I have already stated elsewhere that I am somewhat skeptical of putting more retail in an area with a declining population. Both sides of this debate have legitimate arguments. It’s certainly true the some existing retail might be harmed by the construction of this center. Niche retailers like Big Fun would probably be unaffected, but chain retailers like those at Severance might face some stiff competition. To those who oppose development on these grounds I say: competition is the American way, deal with it. I also find it interesting that there has been nary an objection to First-Interstate’s proposed use of the Cleveland Heights portion of the land, which is slated for mixed use senior housing/assisted living. The CH portion of the land is considerably larger than the SE portion. It gives the lie to those who state their opposition on environmental grounds.

I’m sure many who remember South Euclid and the surrounding area in the 1970s would love to return the area to the way it was back then: Whigam’s farm on Anderson Road, Connor’s Ice cream up Mayfield Road in Lyndhurst. But there was a dark side to our area then, which those with rose-tinted glasses have forgotten, like the time an African-American family in Lyndhurst was harassed to the point that they left the area.

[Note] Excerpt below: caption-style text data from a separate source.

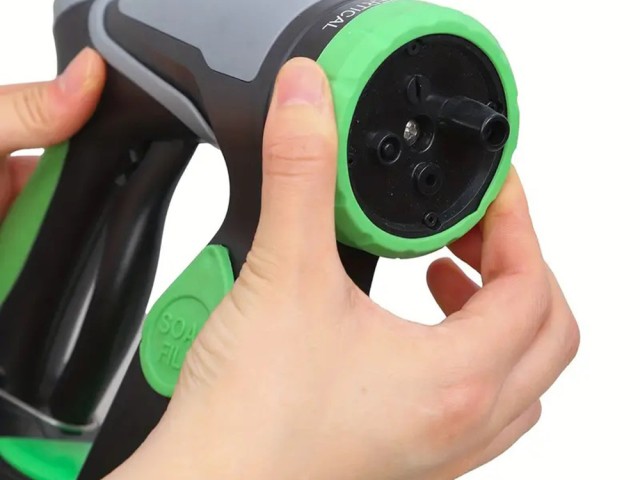 Πιστόλι Πλύσης Αυτοκινήτου με Δοχείο Αφρού – 4 Λειτουργίες, Σύνδεση σε Λάστιχο Κήπου 5907451349762 Verk Group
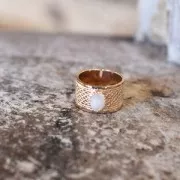Bague large texturée écaille serti pierre de lune taille 56 Plaqué Or 3 microns x1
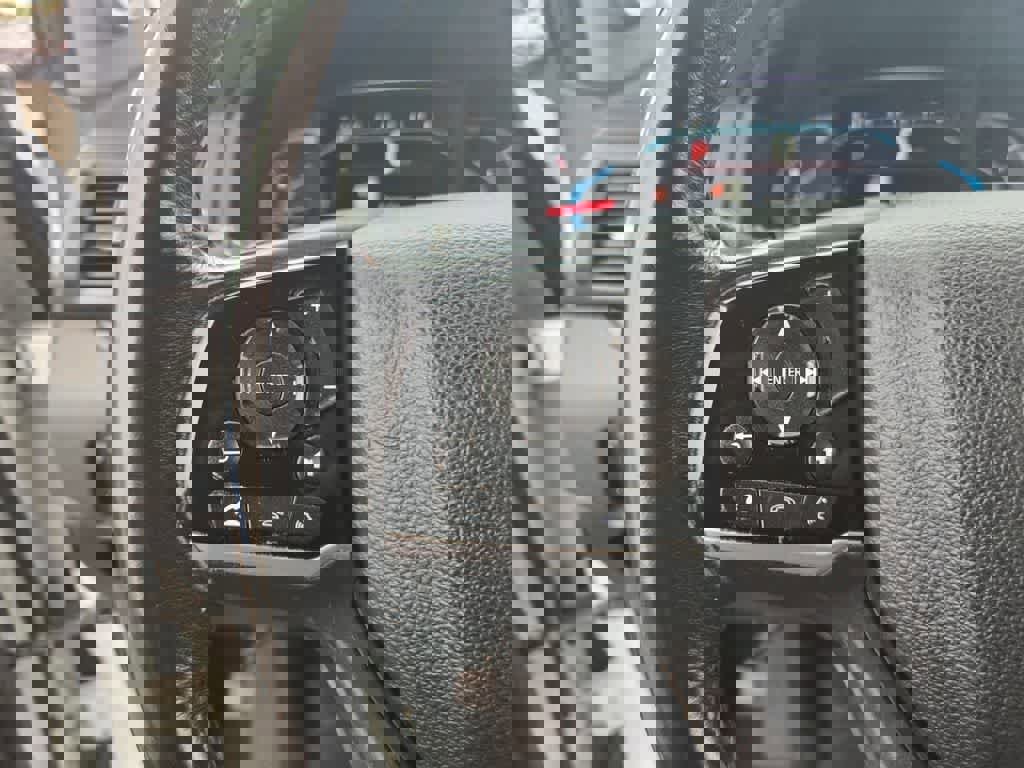 Used 2020 Honda Pilot Touring image 21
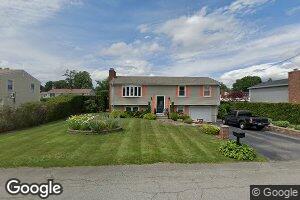 35 Academy Ave, Bristol, RI 02809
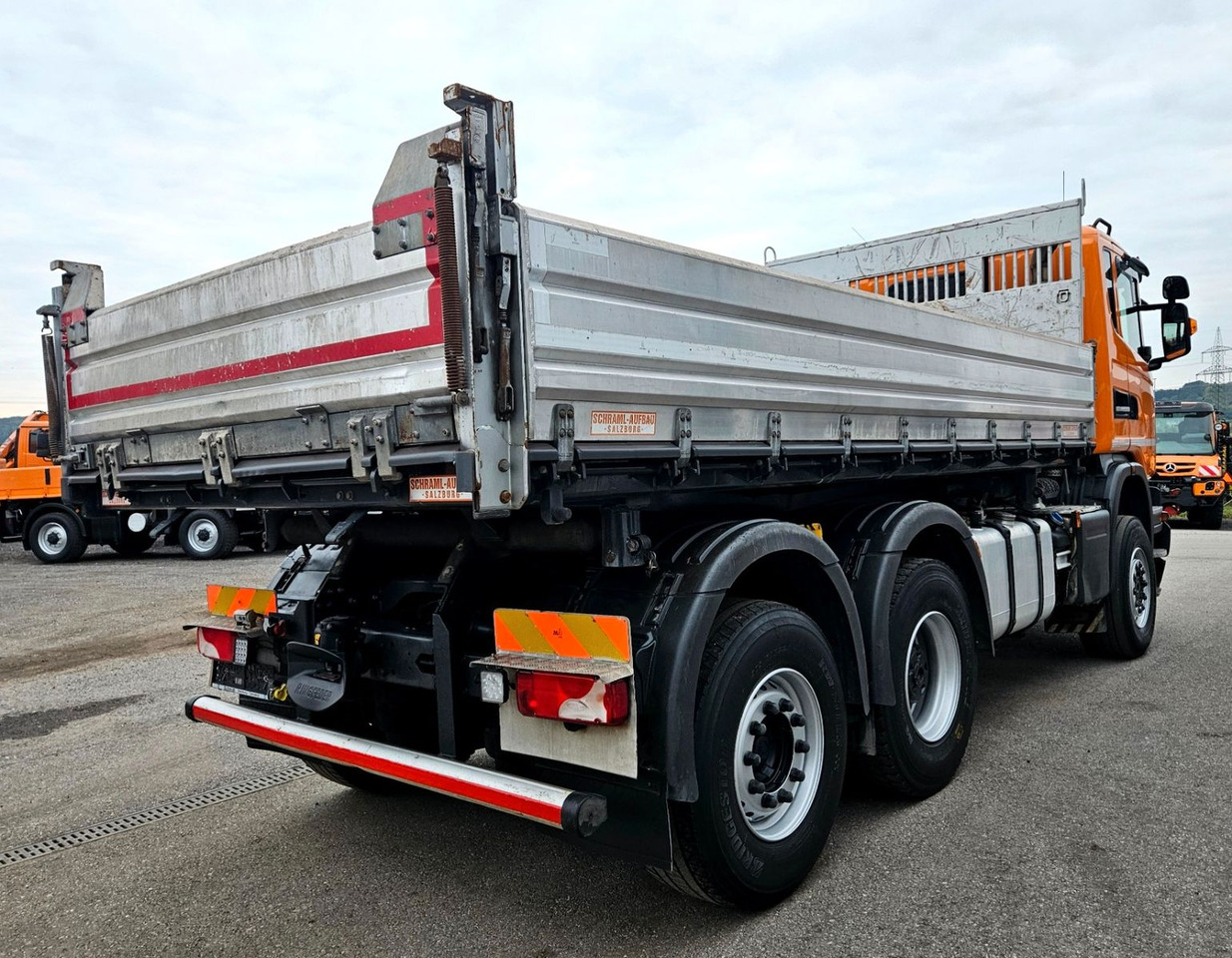 Scania G 410 6x4-4 Euro6 Winterdienst - Caminhão basculante: foto 3 Scania G 410 6x4-4 Euro6 Winterdienst - Caminhão basculante: foto 3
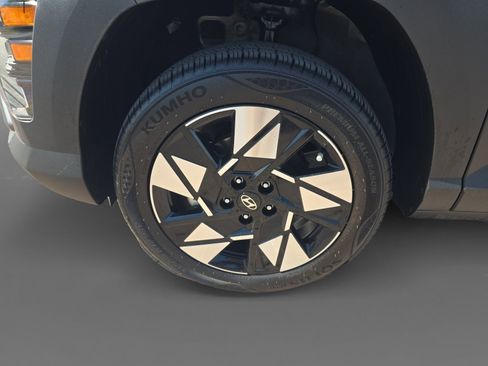 Certified 2025 Hyundai Kona SEL AWD/4WD image 9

Sadly, those opposed to this project have never tried to engage the developer in a constructive manner. Instead, they have made repeated attempts to demonize the developer, as they trotted out the same rumors and talking points and repeated them ad nauseum – on their own Facebook page, in the Sun Newspapers, and in the Heights Observer. As a result, they have found themselves described as a “somewhat fringe” group by the developer and without leverage with the city of South Euclid.

In March, Susan Miller contacted me to try and convince me to spearhead the push for a Community Benefits Agreement with First Interstate. CBAs are generally accomplished between a developer and those opposed to development – so I thought it was a bit strange that Ms. Miller had contacted me since I had already spoken in favor of Oakwood. She and other members of the Citizens for Oakwood group had burned their bridges to South Euclid and First Interstate (not that they had any to the latter), so it was obvious that Ms. Miller was feeling me out to see if I would do their bidding. (Disclosure: I met Ms. Miller when, in a moment of frustration with the foot-dragging of the Obama administration on several issues, I flirted with the Green Party in October of 2010. Looking back, I can only be baffled as to what I was thinking. Reactive decisions made in frustration are seldom the right ones.)

As stated above, there are legitimate arguments on both sides of this issue – actually, all sides as there are more than two sides here. But the bottom line for me is that I support private property rights. The right to own land and do what you want with it (subject to reasonable regulatory restrictions) is a hallmark of America’s economic system. That goes for a business person’s land as well as a private person’s land. To override that right requires, in my opinion, overwhelming evidence of harm to the community at large. The arguments of those in opposition to Oakwood Commons did not meet that burden. Fact is, at this point, the only way to guarantee that Oakwood would become a park would be for South Euclid and Cleveland Heights to both invoke eminent domain on the land – a move which neither city can afford, and which would almost certainly be defeated in court.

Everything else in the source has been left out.